人生は80から

人生100才時代。健康に豊かに楽しく過ごすには

三浦しをん著「仏果を得ず」を読んで、

三浦しをん氏の小説は、「船を編む」「風が強く吹いている」に続いて、3冊目。

どれも、自分にやるべきことに愚直に、立ち向かう主人公に引き込まれる。

 

この話は、高校の修学旅行で、文楽を鑑賞して,その虜になった笹本健太夫の話。

高校卒業後、研修所を終え、人間国宝の銀大夫に弟子入りして、いつも頭を扇子でこづかれながら、文楽の場面や登場人物の言葉を語る大夫になろうと、頑張る話。

 

師匠に、兎一郎という三味線方と組むように言われるが、彼は、腕はいいが変人。

最初は、思いのままに、もてあそばれるが、協力してくれるようになり、芸の力を高めてゆくのを助けてくれる。

 

各章の名前が、有名な文楽の演目となっており、各章を演じる側からの解釈、それが、演者の側から書かれていて、いつの間にか引き込まれてしまう。

 

「仏果を得ず」という言葉は、「成仏せず」という意味で、演目の「仮名手本忠臣蔵」からとられている。切腹した勘平に原郷右衛門が、「成仏せよ。
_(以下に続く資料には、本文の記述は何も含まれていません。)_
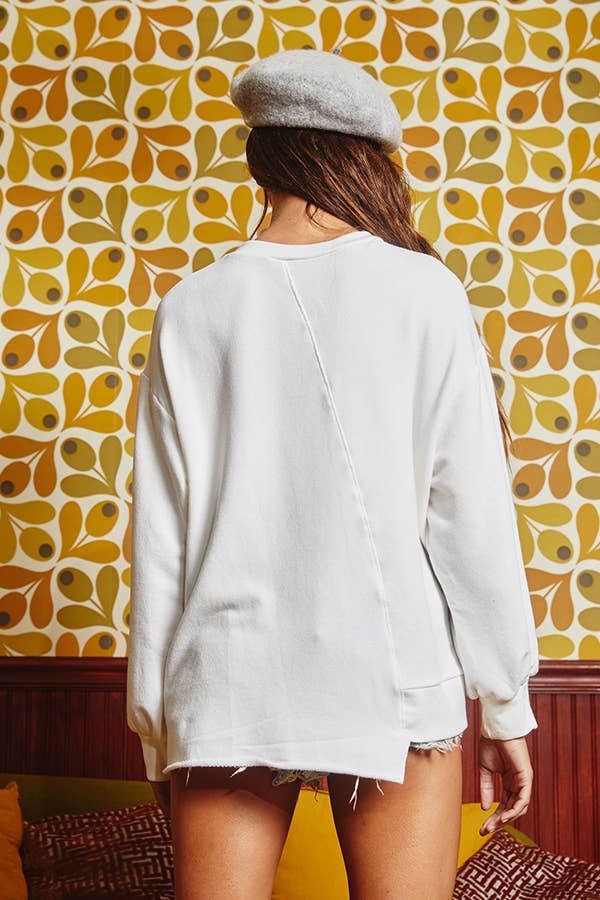 Asymmetrical Hem Graphic Print Sweatshirt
」というのにたいして、「死なぬ、死なぬ、魂ぱくは、にとどまって、敵討ちの供をす。」というセリフから来ている。

 

人間国宝になるような太夫は、まず長生きすること、しかし、それだけではない。毎日、演目ごとの登場人物の心を理解し、物語の中に観客を招き入れる技量が必要だ。」

これが、作者が、読者に伝えたことであろう。

ここまで、来ると、もう一度、最初から、読み返したくなる話だ。

最初にちりばめられた伏線をもう一度確かめたくなる。

 

私は、大阪に50年近く住んで一度だけ文楽を見ている。

手引書を読んで、演目が「何で、この話が名作のか」と首をひねっていたのが、演じられて、大きな感動に包まれたことを覚えている。

演じる側の愚直な努力のたまものだとあらためて思った。